- **Directions**:
Below is a listing to copy exactly; no image goes into the copy.

- **Data block**:

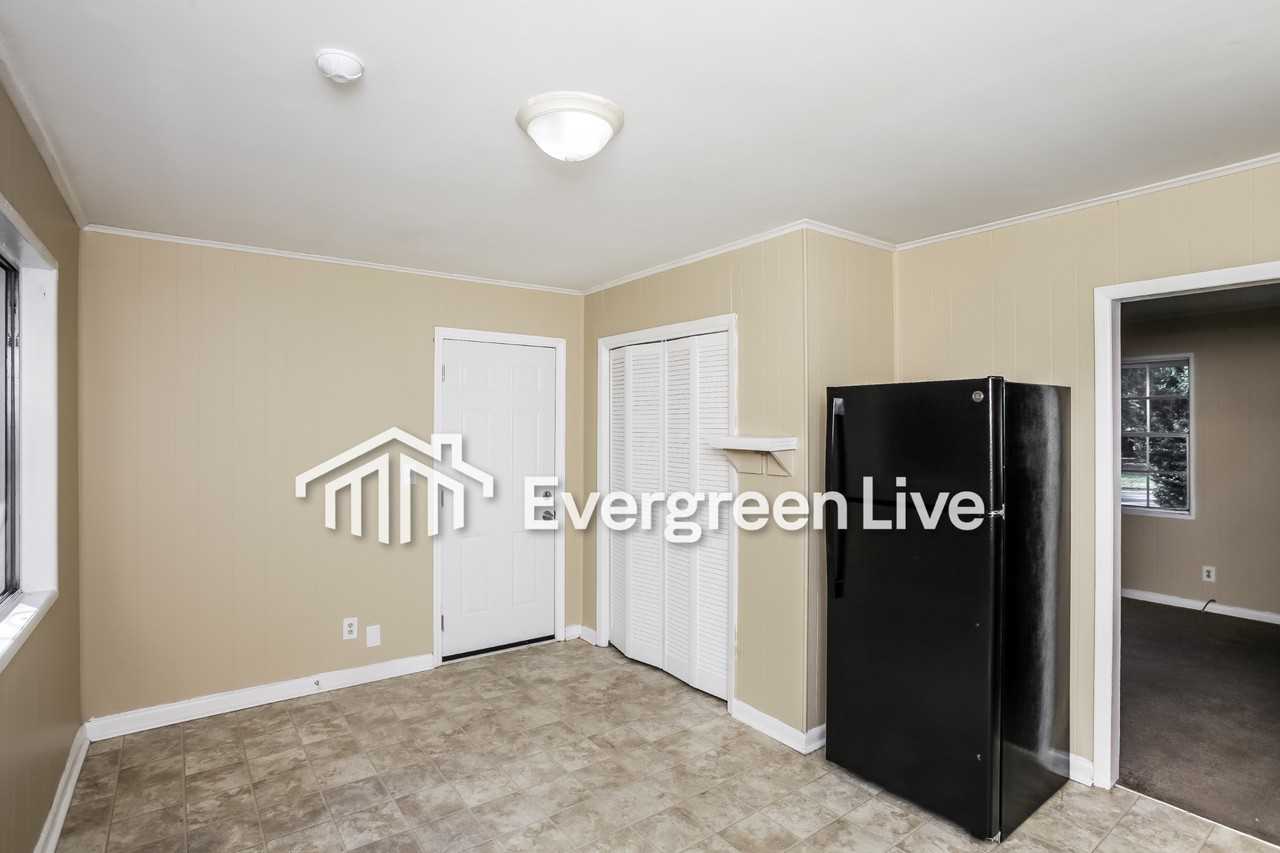 431 Hudson Ave - Photo 4 of 14
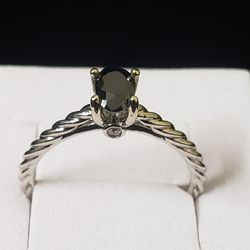 14kt White Gold Solitaire Design Ring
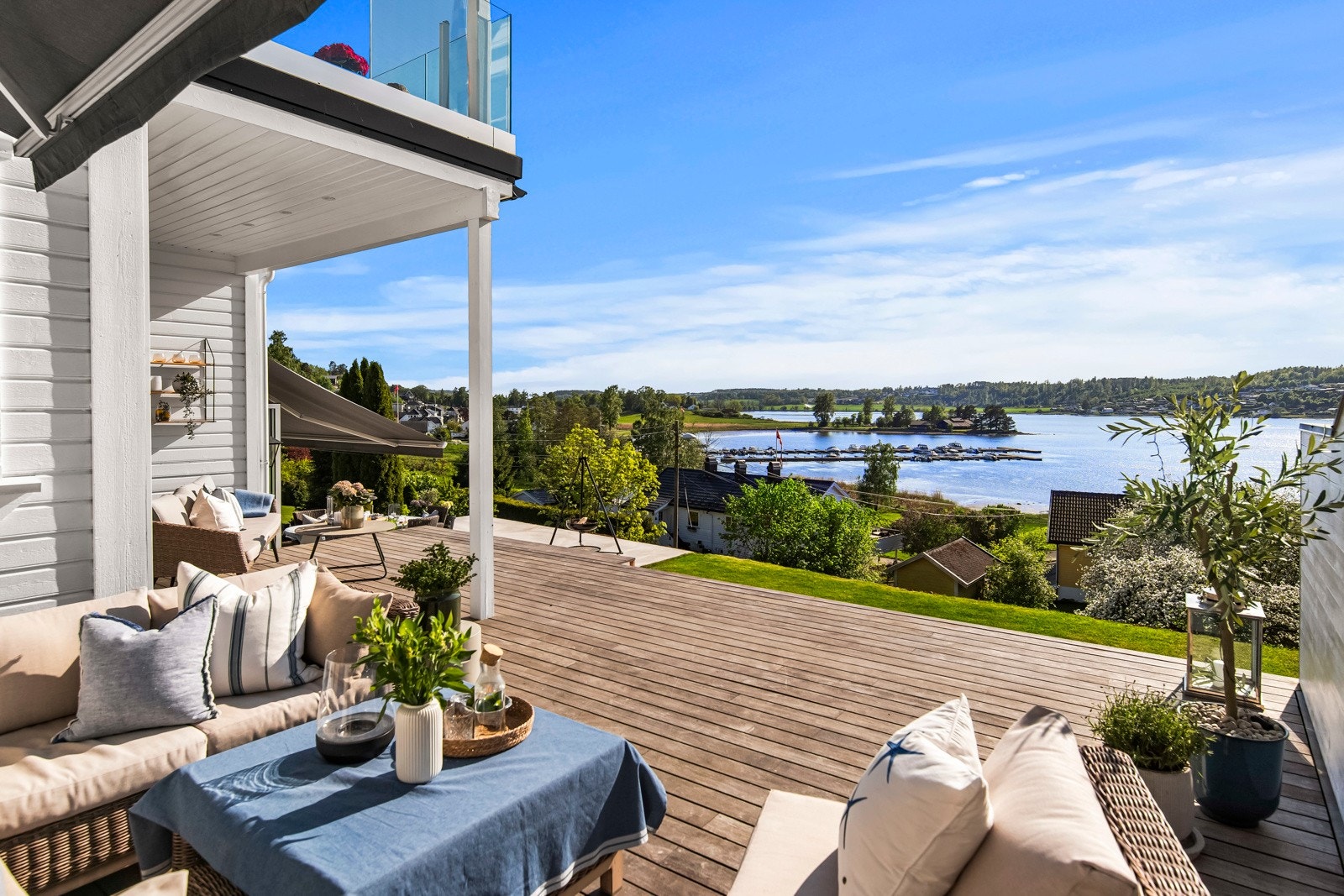 Boligen har mange flotte og fine uteplasser! Galleribilde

- **Output of the task**:
 431 Hudson Ave - Photo 4 of 14
 14kt White Gold Solitaire Design Ring
 Boligen har mange flotte og fine uteplasser! Galleribilde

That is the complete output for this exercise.